Ultimately, ML is a mathematical discipline. You can ask for a gentle approach that gets you to the foot of the mountain, but "if you want to learn about nature, to appreciate nature, it is necessary to understand the language that she speaks in." If you want to be more than an amateur, there's not much substitute for getting comfortable with math at the level of, say, Kevin Murphy's book.
The good news is that the required math is fairly elementary - calculus, linear algebra, probability and statistics, all freshmen or maybe sophomore-level topics - so it shouldn't be beyond reach of a motivated developer able to set aside some time to learn. MOOCs and organizing study groups with friends/co-workers can help a lot here as well.
I'm in the middle of that process right now. I only took Calc I in college and that was 20 years ago, so I have decided to work my way through a Calc sequence, Differential Equations, Linear Algebra, and Probability and Statistics through a combination of MOOCs, "X For Dummies" books, Youtube videos (hello, Gilbert Strang!), Schaum's Outlines books, Khan Academy, a mammoth stack of college maths texts that I've picked up at used book stores, and questions on stats.stackexchange.com, math.stackexchange.com, learnmath.reddit.com, etc.
I'm doing the Ohio State MOOC on Calc I now on Coursera, and accompanying that with the Gilbert Strang "Highlights of Calculus" video series. So far so good. I definitely think this stuff is learnable if one is willing to put in the time and work, even without going back to taking "on campus" classes at a university.
That said, I find a lot of the introductions to the theory behind ML techniques to be very poorly written. It's often worth giving a new student a conceptual simplification before introducing a rigorous definition.
Without linear algebra and basic probability/calculus though, forget it. Luckily there's great sources to brush up on it.
If you're interested, here's a gentle book that should give you enough background:
That said, there are some graphical examples to help understand of how learning algorithms work in 2 dimensions.

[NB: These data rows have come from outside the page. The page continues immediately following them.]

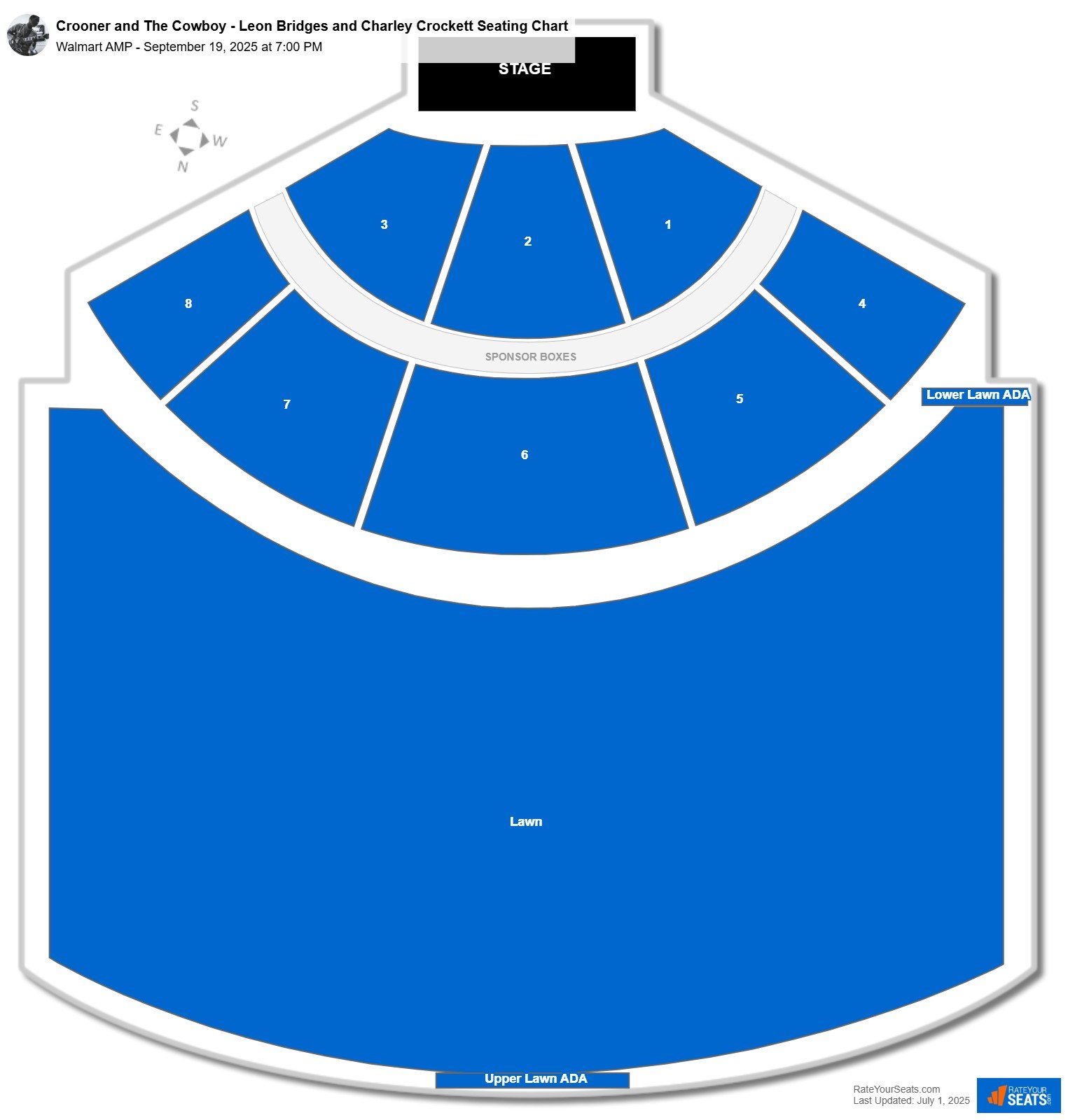 Crooner and The Cowboy - Leon Bridges and Charley Crockett seating chart Walmart AMP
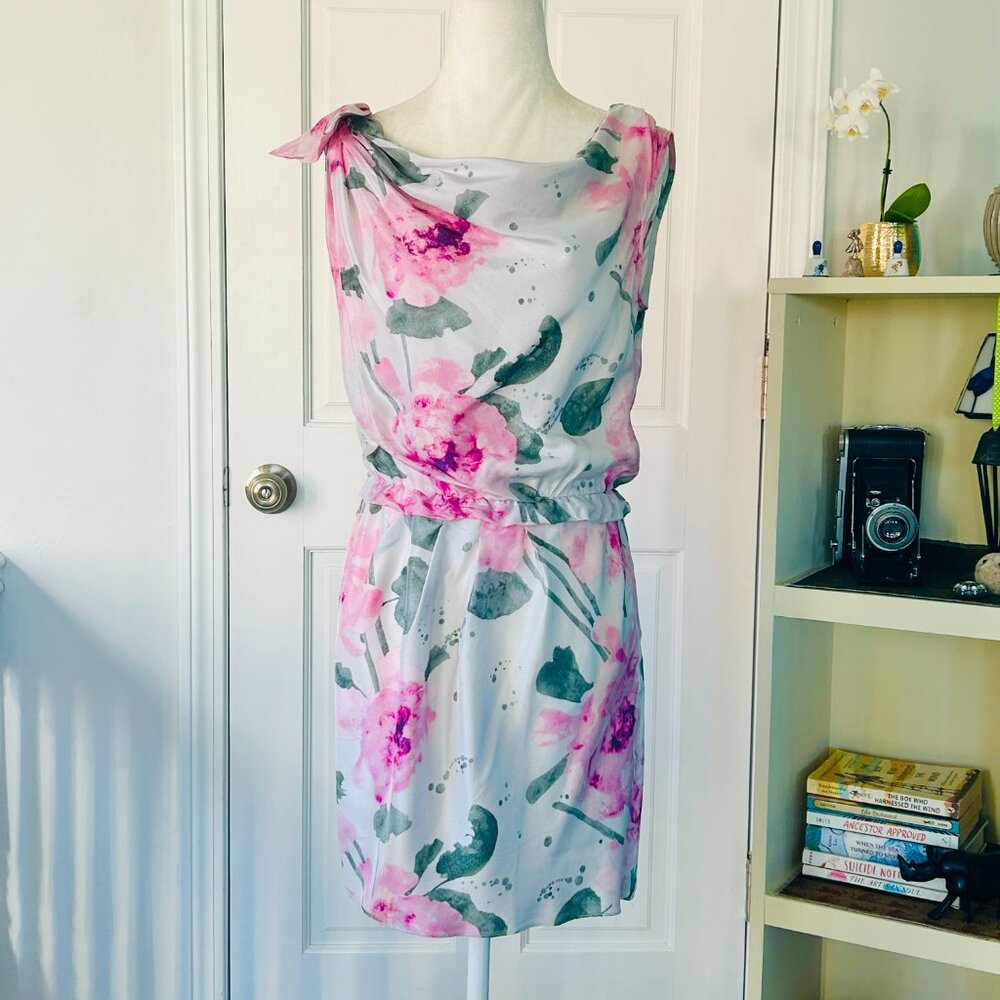 Cynthia Steffe sleeveless silk floral ruffle dress (size 4)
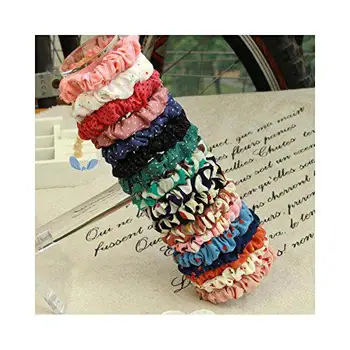

XY Fancy Dickness 10pcs Women Fashion Head Rope Elastic Polka Dot Print Styling Hair Band Rope Scrunchie Ponytail Holder Girl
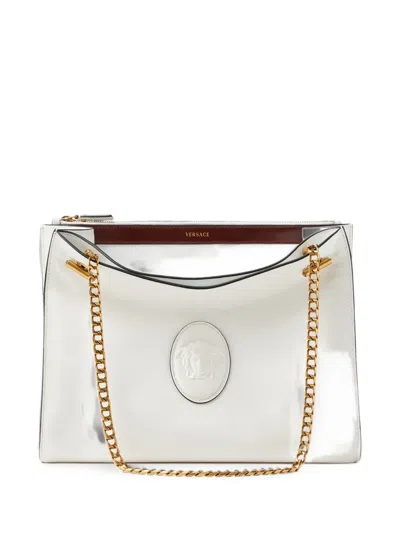 Versace Cabine Leather Shoulder Bag In Neutral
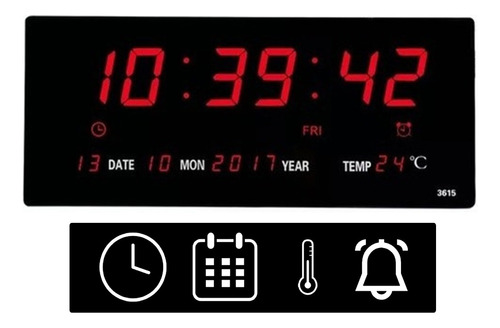 Reloj De Pared Digital Con Termómetro,alarmas Y Calendario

1 : Mathematics in ML - proofs etc.
2 : Understanding the intuition behind ML algorithms without the requirement of higher order math?
Personally, I feel that 2 can be tackled quite easily. The core issue is that most people who teach want to stay on a "higher dimension". ;)
The neural networks chapter is tiny (but that's ok - that's not the focus) and some of the questions are really hard - but overall I've really enjoyed it.
If you speak Hebrew you can get two different professors take on how to teach the material in the book, as well as lecture notes from a total of 3 professors. That's pretty neat if there's a concept you are struggling with as a student!
EDIT: I guess the focus on the theory might help me.
I was forced to learn a massive amount in a short period of time for work, but I'd previously watched Andrew Ng's lectures, as well as majored in Math/CS. I can also generally recommend Hinton's NN lectures, Socher's Deep learning for NLP, Andrew Ng's Machine Learning, and a few books.
Top comment here whines that math is hard.